The Trump administration announced on Thursday a comprehensive review of all 55 million active U.S. visas held worldwide to identify potential violations that could lead to the revocation and deportation of foreign nationals. In a prominent escalation of immigration enforcement aimed at purportedly safeguarding US national security and public safety, the State Department said all US visa holders, including tourists, students, workers, and business travellers, are subject to continuous vetting to identify grounds for ineligibility, including visa overstays, criminal activity, threats to public safety, or links to terrorism.
The review process includes examining social media accounts, as well as law enforcement and immigration records from visa holders' home countries, to identify any violations of US law. New needs introduced earlier this year mandate that privacy settings on electronic devices be turned off during visa interviews, facilitating data collection. The administration has also secured access to millions of immigrant tax records from the Internal Revenue Service to check for violations. Should violations be found, visas will be revoked, and individuals already in the US may face deportation.

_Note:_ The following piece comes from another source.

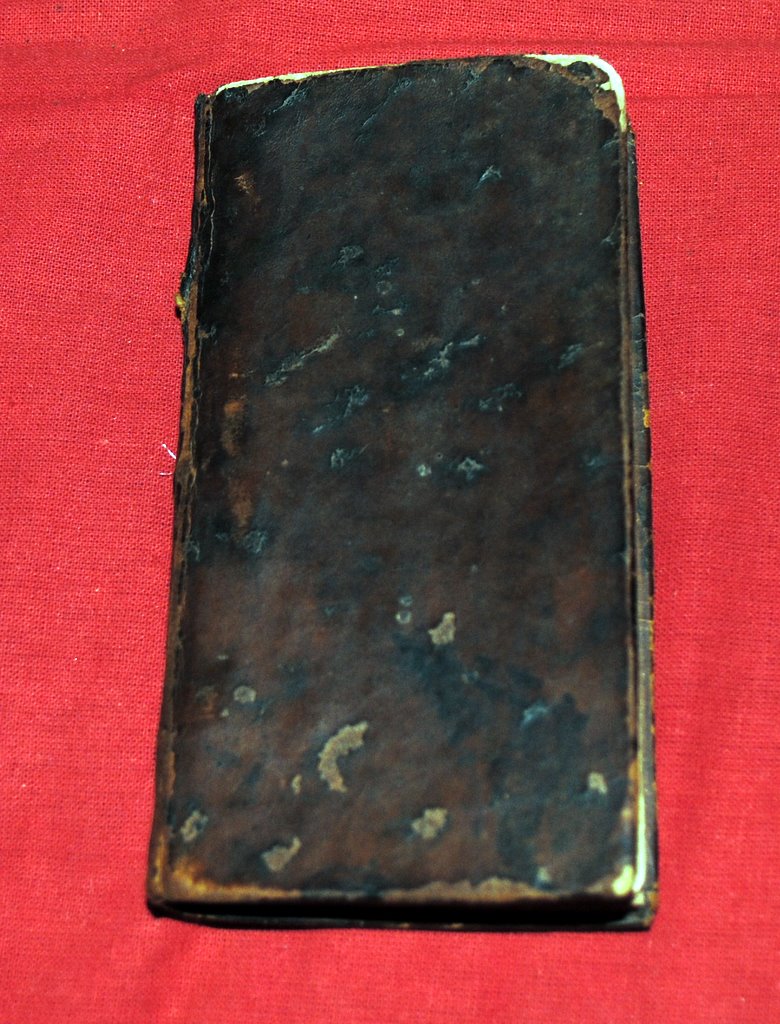 L'Almanach de la cuisine pour l'année 1761 par MENON Dsc_0049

Additionally, the State Department is considering a proposal that would require visa applicants to post bonds of up to USD 15,000 to enter the US, further tightening entry protocols. An estimated five million Indian citizens are believed to hold active US non-immigrant visas, including those for tourism, business, and education, such as B1/B2 visitor visas, F-1 student visas, and H-1B work visas. At least a million of them are already in the US. The review expands a vetting process that initially focused on students involved in pro-Palestine or anti-Israel activities on campuses, which the administration controversially labelled as promoting anti-American or antisemitic ideologies. Since January this year, when the Trump administration took office, the State Department has revoked over 6000 student visas, citing reasons such as overstays, assault, driving under the influence, and, in some 300 cases, alleged support for terrorism.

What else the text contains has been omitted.